By Andre-Michel Essoungou
Five months after United Nations Secretary-General Ban Ki-moon and World Bank President Jim Yong Kim visited Africa’s Great Lakes region, a 15-member delegation of the UN Security Council followed suit. The delegation travelled to the region from 4 to 8 October and met with political leaders and local activists, displaced persons and refugees, as well as UN peacekeepers and diplomats.
The visit was an attempt by the Council to get a better grasp of the complexities of a region where instability has persisted over the past two decades, with a new peak in fighting seen in recent months. Since April 2012 and the creation of the March 23 armed movement (known as the M23), renewed fighting has forced up to 2 million people to flee their homes, mainly in the eastern region of the Democratic Republic of the Congo (DRC).
The visit came three years after another Council trip to the same region that had modest ambitions: just a two-country visit to the DRC and Uganda. This time, however, after stops in these two countries, the delegation went on to Rwanda before heading farther east to Ethiopia, which hosts the African Union headquarters.
The Council’s busier agenda was an acknowledgement that a solution to the persisting instability in the Great Lakes region requires the active engagement and the commitment of key regional actors. On various occasions over the past years, the Council has indeed urged countries of the region to find a peaceful solution to the instability plaguing the DRC, mainly in the east. The latest such calls came shortly after the M23 armed group—allegedly supported by Rwanda, though Rwanda strongly denies this—took up arms against the DRC government, plunging the region into one of its worst episodes of instability in recent years. The M23 rebels signed a peace deal with the government in November after suffering defeats in the hands of government forces backed by a 3,000-strong UN intervention brigade.

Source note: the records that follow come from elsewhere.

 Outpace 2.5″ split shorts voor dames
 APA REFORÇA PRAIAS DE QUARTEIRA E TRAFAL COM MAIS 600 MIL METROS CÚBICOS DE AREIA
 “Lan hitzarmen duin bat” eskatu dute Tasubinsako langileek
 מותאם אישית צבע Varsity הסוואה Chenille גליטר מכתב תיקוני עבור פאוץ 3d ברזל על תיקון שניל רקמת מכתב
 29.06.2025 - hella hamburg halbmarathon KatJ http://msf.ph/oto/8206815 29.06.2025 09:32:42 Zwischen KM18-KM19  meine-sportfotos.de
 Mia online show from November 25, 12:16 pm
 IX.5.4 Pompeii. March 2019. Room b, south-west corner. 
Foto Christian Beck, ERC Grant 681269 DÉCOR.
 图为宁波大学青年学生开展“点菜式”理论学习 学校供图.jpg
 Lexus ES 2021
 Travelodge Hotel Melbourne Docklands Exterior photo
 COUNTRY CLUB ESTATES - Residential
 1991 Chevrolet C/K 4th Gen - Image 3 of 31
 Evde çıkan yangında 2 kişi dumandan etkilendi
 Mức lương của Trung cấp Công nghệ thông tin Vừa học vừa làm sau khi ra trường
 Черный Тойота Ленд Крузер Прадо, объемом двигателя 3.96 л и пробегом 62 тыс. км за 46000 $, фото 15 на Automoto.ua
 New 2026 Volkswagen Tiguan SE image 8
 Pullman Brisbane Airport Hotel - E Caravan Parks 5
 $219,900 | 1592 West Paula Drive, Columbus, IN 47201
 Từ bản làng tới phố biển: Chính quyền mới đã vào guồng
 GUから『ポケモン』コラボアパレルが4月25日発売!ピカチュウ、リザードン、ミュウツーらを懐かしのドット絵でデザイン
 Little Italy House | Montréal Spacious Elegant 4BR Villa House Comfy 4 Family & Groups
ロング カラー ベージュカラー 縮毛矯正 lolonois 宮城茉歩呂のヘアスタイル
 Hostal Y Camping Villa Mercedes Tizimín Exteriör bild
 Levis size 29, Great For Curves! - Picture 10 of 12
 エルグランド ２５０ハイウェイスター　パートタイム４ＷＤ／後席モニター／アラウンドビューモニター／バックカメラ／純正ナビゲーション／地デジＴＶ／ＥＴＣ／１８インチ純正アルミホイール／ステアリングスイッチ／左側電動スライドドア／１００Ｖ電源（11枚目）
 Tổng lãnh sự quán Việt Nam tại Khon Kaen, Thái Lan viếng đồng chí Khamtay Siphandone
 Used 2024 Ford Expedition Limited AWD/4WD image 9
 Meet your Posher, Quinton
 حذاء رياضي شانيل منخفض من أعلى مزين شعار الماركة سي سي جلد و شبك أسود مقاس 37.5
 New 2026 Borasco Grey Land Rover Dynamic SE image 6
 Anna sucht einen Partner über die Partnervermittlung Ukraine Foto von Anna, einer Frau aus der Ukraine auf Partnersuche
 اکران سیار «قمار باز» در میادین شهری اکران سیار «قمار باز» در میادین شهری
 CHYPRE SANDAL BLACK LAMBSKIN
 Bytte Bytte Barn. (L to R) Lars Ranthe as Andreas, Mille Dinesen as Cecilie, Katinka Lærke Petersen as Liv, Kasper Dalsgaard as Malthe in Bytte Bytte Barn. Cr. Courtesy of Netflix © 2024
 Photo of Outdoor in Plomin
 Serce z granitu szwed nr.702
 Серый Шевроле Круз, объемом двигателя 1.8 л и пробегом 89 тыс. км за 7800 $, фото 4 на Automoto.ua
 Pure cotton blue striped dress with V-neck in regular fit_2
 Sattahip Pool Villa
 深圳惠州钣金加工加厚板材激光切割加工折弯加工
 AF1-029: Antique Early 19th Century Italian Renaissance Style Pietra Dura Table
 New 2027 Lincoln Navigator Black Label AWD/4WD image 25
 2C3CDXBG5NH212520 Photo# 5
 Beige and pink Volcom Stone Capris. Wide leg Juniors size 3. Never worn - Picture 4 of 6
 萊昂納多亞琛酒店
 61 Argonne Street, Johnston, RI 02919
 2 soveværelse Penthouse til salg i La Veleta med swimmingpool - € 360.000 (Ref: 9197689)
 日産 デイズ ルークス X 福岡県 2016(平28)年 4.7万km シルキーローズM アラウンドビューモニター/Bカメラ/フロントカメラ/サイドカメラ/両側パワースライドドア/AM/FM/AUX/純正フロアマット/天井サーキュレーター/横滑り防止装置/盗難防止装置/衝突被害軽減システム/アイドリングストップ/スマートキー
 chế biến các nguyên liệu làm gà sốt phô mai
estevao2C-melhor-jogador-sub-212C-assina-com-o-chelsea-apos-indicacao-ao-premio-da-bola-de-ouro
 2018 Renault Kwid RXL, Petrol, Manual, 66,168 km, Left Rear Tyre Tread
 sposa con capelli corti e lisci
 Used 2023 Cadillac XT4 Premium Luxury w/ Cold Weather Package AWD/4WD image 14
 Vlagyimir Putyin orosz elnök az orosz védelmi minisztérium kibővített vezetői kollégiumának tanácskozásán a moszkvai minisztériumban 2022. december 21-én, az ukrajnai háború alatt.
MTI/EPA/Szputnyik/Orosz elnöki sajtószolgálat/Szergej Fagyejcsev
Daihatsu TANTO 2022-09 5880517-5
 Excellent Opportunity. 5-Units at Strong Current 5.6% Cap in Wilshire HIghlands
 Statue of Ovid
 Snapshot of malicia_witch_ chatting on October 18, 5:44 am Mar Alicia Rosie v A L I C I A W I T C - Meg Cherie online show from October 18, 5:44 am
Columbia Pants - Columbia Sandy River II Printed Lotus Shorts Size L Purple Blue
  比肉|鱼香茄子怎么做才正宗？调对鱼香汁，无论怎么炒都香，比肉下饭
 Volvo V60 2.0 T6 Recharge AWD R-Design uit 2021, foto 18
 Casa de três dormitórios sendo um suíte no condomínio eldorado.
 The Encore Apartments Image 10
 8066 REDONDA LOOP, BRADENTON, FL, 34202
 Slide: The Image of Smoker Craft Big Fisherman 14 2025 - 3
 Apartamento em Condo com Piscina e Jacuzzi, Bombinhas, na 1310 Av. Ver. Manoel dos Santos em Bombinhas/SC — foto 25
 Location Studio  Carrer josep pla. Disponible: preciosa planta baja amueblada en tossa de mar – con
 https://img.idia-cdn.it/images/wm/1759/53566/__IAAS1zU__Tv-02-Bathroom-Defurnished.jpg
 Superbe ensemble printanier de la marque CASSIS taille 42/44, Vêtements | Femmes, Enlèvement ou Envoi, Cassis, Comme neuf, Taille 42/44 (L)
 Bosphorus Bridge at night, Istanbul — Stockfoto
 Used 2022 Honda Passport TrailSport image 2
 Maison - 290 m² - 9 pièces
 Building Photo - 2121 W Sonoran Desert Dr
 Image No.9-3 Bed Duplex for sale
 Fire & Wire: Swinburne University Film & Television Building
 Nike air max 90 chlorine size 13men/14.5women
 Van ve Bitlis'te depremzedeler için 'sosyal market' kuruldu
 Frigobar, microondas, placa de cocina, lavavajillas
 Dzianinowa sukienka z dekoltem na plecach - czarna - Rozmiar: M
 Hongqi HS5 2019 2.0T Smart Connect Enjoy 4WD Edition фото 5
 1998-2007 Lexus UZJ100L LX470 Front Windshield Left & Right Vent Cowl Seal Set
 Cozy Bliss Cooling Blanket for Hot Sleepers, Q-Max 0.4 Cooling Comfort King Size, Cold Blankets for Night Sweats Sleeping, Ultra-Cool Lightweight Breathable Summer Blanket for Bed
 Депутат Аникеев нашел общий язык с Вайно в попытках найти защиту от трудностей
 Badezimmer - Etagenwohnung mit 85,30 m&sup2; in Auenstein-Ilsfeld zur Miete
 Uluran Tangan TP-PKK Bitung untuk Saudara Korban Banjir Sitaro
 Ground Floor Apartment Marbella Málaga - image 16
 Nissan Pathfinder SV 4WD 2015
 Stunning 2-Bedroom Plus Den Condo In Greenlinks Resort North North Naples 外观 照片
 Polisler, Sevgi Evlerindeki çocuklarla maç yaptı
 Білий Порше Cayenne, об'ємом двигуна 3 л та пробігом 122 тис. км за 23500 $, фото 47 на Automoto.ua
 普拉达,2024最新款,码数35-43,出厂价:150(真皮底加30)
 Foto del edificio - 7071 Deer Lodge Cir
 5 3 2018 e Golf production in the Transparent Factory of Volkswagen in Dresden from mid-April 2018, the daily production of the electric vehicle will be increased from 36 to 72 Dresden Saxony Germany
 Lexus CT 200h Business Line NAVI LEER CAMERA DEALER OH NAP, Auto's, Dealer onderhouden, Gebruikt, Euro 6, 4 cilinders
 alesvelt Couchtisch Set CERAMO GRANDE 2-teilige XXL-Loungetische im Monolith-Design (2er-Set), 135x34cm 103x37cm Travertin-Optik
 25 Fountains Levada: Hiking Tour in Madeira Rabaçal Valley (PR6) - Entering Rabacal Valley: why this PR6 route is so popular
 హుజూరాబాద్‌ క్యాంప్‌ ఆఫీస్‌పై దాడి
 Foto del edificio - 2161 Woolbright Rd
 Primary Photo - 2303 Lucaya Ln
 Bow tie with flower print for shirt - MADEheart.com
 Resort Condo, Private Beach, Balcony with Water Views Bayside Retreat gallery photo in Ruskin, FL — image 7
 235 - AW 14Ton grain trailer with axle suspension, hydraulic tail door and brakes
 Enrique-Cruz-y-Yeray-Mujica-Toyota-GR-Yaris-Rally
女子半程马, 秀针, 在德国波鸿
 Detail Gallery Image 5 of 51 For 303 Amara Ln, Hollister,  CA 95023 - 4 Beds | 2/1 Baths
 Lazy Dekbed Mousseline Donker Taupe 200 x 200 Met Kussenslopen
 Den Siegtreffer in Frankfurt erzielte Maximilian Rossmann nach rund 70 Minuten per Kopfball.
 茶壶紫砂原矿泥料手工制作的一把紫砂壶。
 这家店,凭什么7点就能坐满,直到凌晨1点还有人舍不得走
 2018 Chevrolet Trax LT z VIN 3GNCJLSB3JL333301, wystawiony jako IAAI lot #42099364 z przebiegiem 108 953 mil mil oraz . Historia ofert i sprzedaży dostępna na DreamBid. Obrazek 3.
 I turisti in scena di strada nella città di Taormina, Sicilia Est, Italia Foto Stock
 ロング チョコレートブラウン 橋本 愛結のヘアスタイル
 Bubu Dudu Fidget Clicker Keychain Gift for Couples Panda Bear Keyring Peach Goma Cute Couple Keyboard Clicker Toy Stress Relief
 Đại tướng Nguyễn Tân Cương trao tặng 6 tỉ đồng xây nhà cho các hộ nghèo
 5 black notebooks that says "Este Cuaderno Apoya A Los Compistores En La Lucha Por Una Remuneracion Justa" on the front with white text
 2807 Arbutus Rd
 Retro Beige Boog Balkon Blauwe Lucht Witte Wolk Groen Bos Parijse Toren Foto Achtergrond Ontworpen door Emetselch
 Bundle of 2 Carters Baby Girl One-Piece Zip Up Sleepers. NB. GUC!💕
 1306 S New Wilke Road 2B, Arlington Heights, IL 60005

In response, two political processes were initiated: a wide-ranging peace and security agreement among the countries of the region (DRC, Angola, Burundi, Central African Republic, Republic of Congo, Rwanda, South Africa, South Sudan, Tanzania, Uganda and Zambia), and peace talks in Kampala, Uganda’s capital, between the DRC government and M23 leaders.
During its visit the Council delegation was updated by regional leaders on the implementation of the agreement, and on the progress of the peace talks. On both issues the Council urged the leaders not to repeat the mistakes of the past. Unlike previous agreements, this one must be followed by action, it reportedly told presidents Joseph Kabila of the DRC, Paul Kagame of Rwanda and Yoweri Museveni of Uganda.
On the Kampala talks, speaking to the press in Kinshasa on behalf of the delegation, the Security Council representatives of Morocco and France insisted that the past provides clear lessons about the consequences of integrating armed groups into national armies without rigorous vetting. They warned against repeating such mistakes. In the Council’s view, they added, there could be no compromise on fighting impunity—no amnesty should be granted to M23 members who have committed serious crimes.
On the last leg of their visit, the Council members visited the African Union headquarters in Addis Ababa. In addition to addressing the situation in the Great Lakes region, they held discussions with AU officials on a wide range of issues related to peace and security in Africa.